As our computing continues to get more virtual and cloud-like, physical and hardware and software architectures must give way to information architectures (in the true sense of interoperability). We have no choice but to treat the architecting of information as a first-order challenge. The totally cool thing about the data integration challenge is that the architecture can be readily varied and tested to achieve a working foundation. Much empirical information exists about how to do it and what to do next. The chief challenge has been to recognize that data interoperability — and its dependence on Big Structure — is a first-order concern (and opportunity). The intersection of Big Structure with Big Data, and with graph and AI algorithms, should create new approaches to chew across the data integration environment. I expect progress to be rapid.


[1] There are at least 40 terms or concepts across these various disciplines, most related to Web and general knowledge content, that have organizational or classificatory aspects that — loosely defined — could be called an “ontology” framework or approach. See M.K. Bergman, 2007. An Intrepid Guide to Ontologies, AI3:::Adaptive Information blog, May 16, 2007.
[2] UMBEL and other upper level ontologies are examples here. In the case of UMBEL, that Big Structure is used as a scaffolding of reference concepts used to link external (unrelated) structures to help inter-operating data between two unrelated systems. Such a Big Structure can also be used for other tasks such as helping machine learning techniques to categorize and disambiguate pieces of data by leveraring such a structure of types.
[3] Unfortunately, no reference structures for attributes yet exist. For a discussion of this status, see the thread on the W3C semantic web mailing list beginning at http://lists.w3.org/Archives/Public/semantic-web/2014Jul/0129.html.
[4] Data models encompass a rather broad span. The RDF discussion represents a more formal end of the data model spectrum, wherein there is complete logic, syntax and serialization discussions, more involved than most data models.
[5] Domain ontologies represent the most closely-aligned view of the domain and its relationships of all of the component structures listed.

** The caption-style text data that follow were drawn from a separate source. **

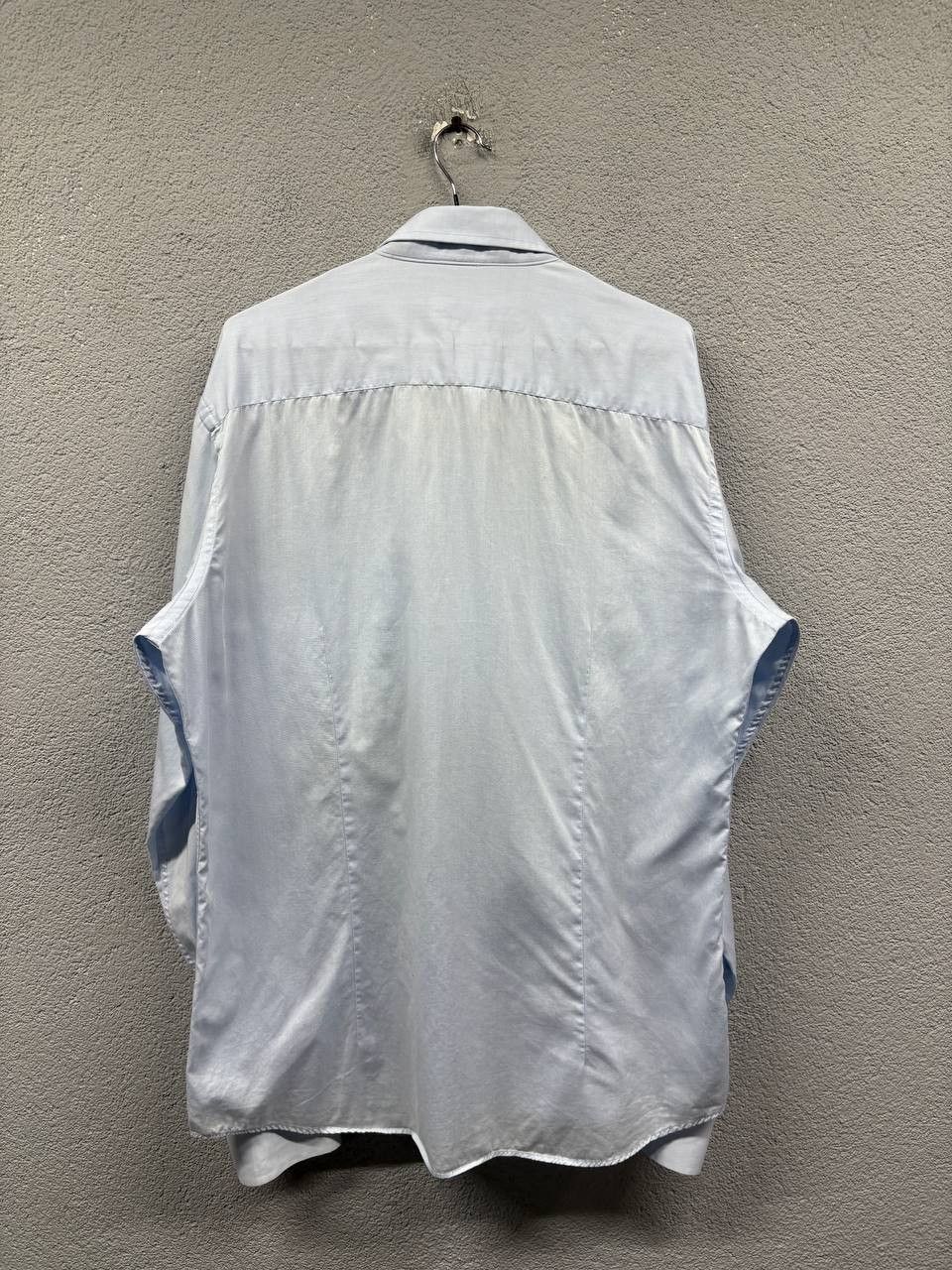 Balenciaga Balenciaga mens shirt size 43 / L - XL Size US L / EU 52-54 / 3 - 9 Thumbnail
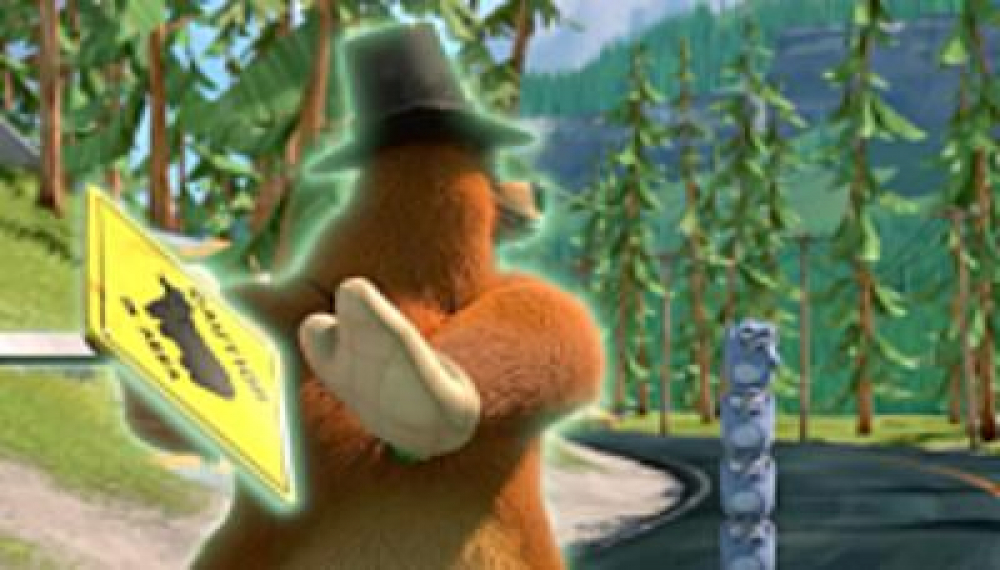 گریزی و موش کوچولوها - فصل 1 قسمت 21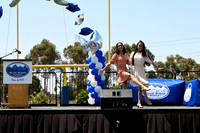 008 Blue Ridge Academy 2022 Promotion Ceremony at Los Angeles Southwest College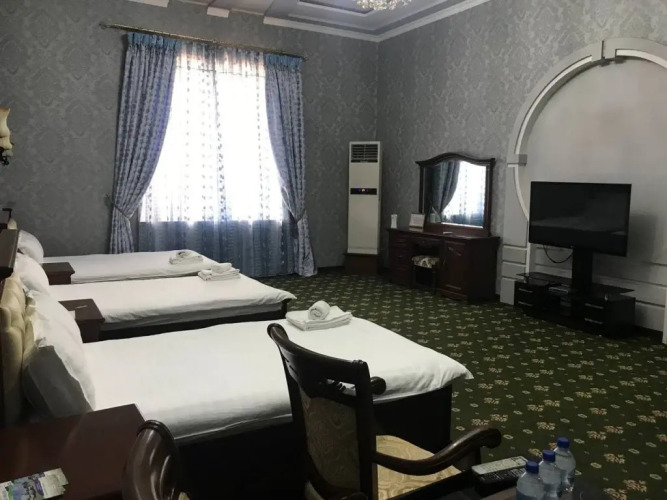 Фотография номера гостиницы Hayot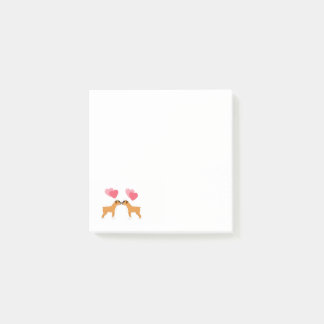 Bloco De Notas Amor do pugilista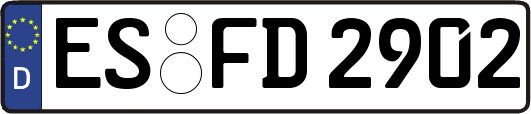ES-FD2902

[6] Concept maps are very closely related to ontologies, and may include topic maps, mind maps and other graph-like structures of concepts.

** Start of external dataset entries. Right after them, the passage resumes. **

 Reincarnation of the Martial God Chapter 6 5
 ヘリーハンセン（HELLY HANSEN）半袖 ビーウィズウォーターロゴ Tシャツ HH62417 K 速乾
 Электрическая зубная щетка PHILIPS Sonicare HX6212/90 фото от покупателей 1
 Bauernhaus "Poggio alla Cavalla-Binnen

[7] Schema may apply to many realms, but in the IT and software context schema mostly refers to database schema related to relational databases. These are often expresssed in UML diagrams or XML schema.
[8] Mappings and transformatons are a huge area of diverse structure and different serializations and specifications. Fortunately, the task of mapping external structure to RDF removes the many-to-many issues with most transformation approaches.
[9] Taxonomies mask an entire sub-categories of directories, folksonomies, subject trees, and more. The key aspect is that relevant concepts are expressed in a graph relationship manner to other concepts, often in a hierarchical fashion.
[10] Categories also includes the general classification process.
[11] I would consider a canonical references listing of country names and codes to be a part of Big Structure, since they act as a controlled vocabulary.
[12] This is a key area for including unstructured documents, since tags are a primary means of adding metadata to a document. When the pool of tags is based on the governing reference and domain ontologies, then interoperability is further promoted.
[13] M.K. Bergman, 2006. Sources and Classification of Semantic Heterogeneities, AI3:::Adaptive Information blog, June 6, 2006.